Provided data:
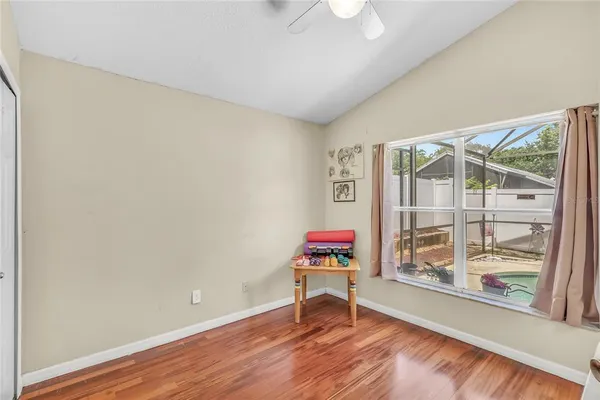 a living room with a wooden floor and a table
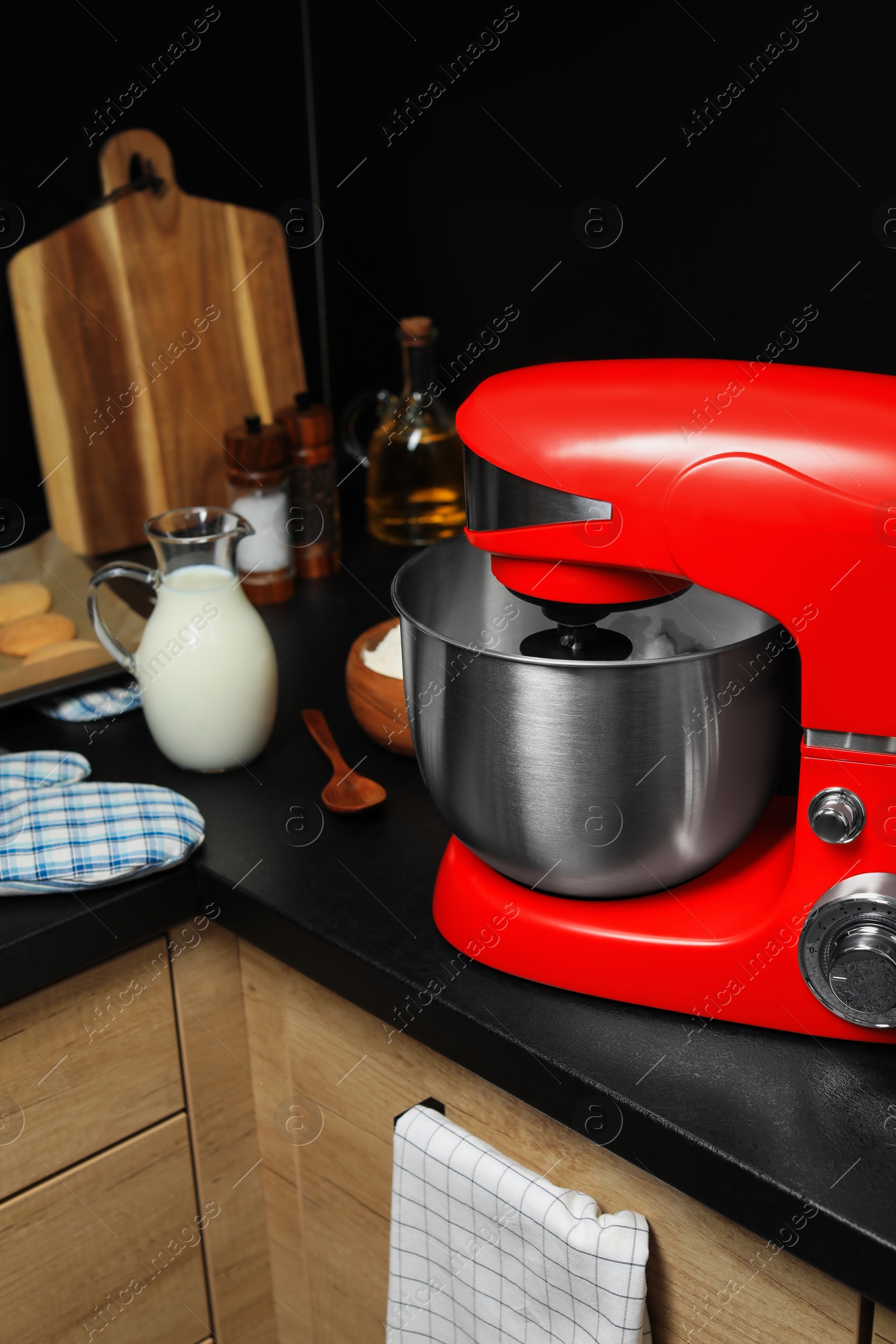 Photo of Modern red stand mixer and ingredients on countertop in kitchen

--

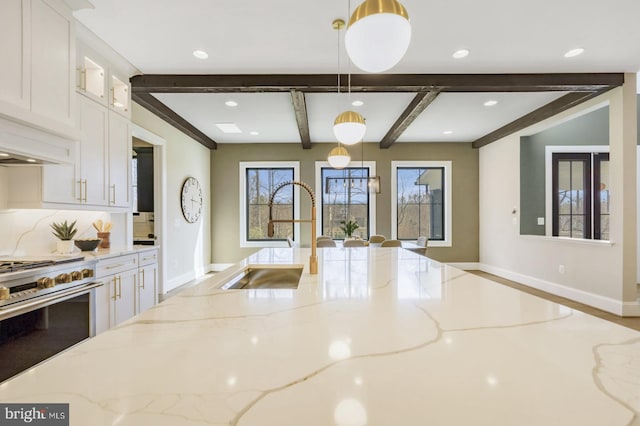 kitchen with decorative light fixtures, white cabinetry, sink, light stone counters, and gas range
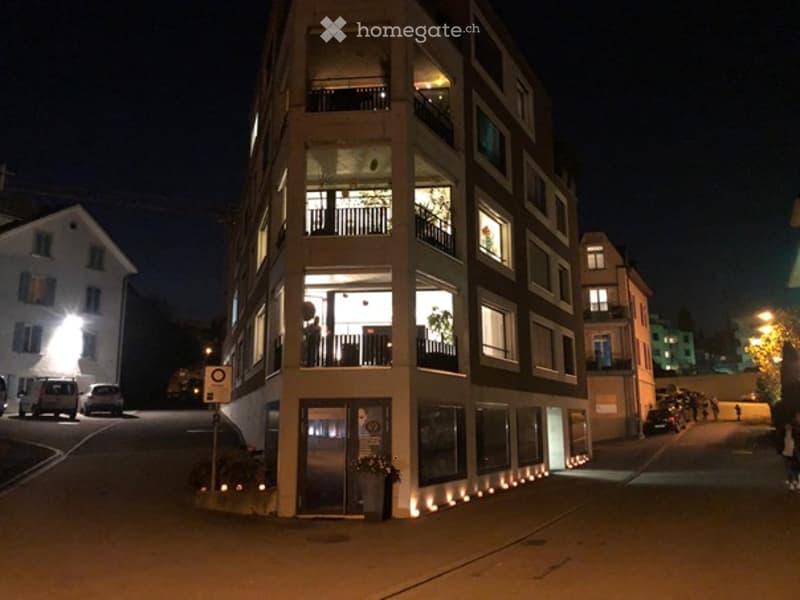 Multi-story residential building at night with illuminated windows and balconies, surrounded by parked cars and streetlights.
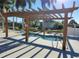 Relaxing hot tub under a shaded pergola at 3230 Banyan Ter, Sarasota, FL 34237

The problem:
What to print is the stretch of entries from the line with "a living room" up to and including the line with "Photo of Modern". Please print it exactly and leave out the pictures.

Written response:
 a living room with a wooden floor and a table
 Photo of Modern red stand mixer and ingredients on countertop in kitchen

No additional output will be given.